# My crazy life<3 *ranting & sad stuff pretty much*



## perfectcountrygirl (Jul 9, 2011)

Hey ya'll 
So this is gonna be my journal not that anyone will probably pay attension to it. But ignore any spelling errors it's a little hard to type with your boyfriends head on your lap. So I hope you enjoy my crazy life.

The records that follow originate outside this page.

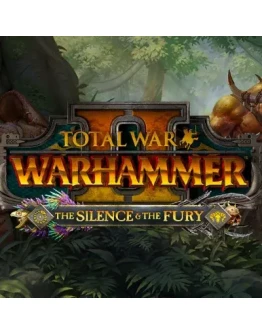 TOTAL WAR WARHAMMER 2 THE SILENCE &amp THE FURYSTEAM КЛЮЧ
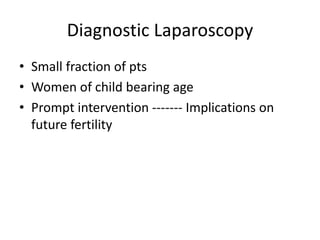 Diagnostic Laparoscopy
• Small fraction of pts
• Women of child bearing age
• Prompt intervention ------- Implications on
future fertility
 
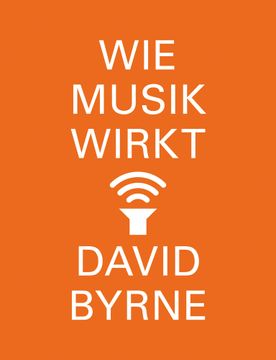 portada Byrne, d. Wie Musik Wirkt (in German)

So lets start out with the resent stuff. I have an amazing boyfriend Regan we've been dating 4 years. He does motocross when he's not riding bulls. On Friday he was doing a race and he got in a really bad crash:/ He broke both his legs, his pelvis, 3 ribs, and his right arm. And he hurt his neck and has to wear a neck brace</3:/ I feel so bad for him and hate seeing him in pain. And I'm sitting on his bed & he has his head on my lap and his neck brace is like digging into my leg</3 I don't know why this boy always wants to use me as a pillow


----------



## perfectcountrygirl (Jul 9, 2011)

I think the pain is starting to set in allot more for Regan, he pretty much just slept all day well when he was comfortable enough to sleep... But, I finally left him after not doing so for days and I rode my barrel horse Betty, who well gets a bit crazy if you don't ride her. And I just love how I'm up right now because my boyfriend sleeps all day long and then wont let me sleep at night.


----------



## perfectcountrygirl (Jul 9, 2011)

*Vacation? Or no vacation?*

So, as most of you know my boyfriend got in a really mbd accident doing motocross. Well, we are suppost to go on vacation to France & Italy next week for 2 1/2 weeks. There is no way I see him getting on a plane and getting stuck going out even for a little bit. But his parents still want us to go and think it would be a good exsperiance for the two of us. Pretty much it's a horible situation. I just don't really know what we're doing or what I should do about it. Any Thoughts?


----------



## perfectcountrygirl (Jul 9, 2011)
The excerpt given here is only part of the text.